SUPPLIED RECORDS:
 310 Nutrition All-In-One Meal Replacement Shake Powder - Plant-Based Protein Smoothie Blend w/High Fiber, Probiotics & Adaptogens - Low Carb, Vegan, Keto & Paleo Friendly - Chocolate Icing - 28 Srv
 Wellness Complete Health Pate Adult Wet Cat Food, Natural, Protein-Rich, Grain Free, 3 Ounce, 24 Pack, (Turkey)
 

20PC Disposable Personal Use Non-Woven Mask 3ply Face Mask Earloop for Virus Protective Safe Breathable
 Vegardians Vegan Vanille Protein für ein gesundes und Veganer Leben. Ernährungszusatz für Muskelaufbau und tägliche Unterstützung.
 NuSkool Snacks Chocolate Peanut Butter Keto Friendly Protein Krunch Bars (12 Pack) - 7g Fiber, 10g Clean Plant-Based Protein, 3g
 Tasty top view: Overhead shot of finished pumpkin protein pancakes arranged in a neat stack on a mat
---
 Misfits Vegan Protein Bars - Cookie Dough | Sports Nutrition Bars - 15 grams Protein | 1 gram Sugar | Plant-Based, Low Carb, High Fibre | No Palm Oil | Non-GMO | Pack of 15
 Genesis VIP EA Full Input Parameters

PROBLEM STATEMENT:
Please transcribe exactly the lines above from the line that has "NuSkool Snacks Chocolate" up to and including the line that has "Tasty top view: Overhead"; no other line belongs in the answer.

YOUR RESPONSE:
 NuSkool Snacks Chocolate Peanut Butter Keto Friendly Protein Krunch Bars (12 Pack) - 7g Fiber, 10g Clean Plant-Based Protein, 3g
 Tasty top view: Overhead shot of finished pumpkin protein pancakes arranged in a neat stack on a mat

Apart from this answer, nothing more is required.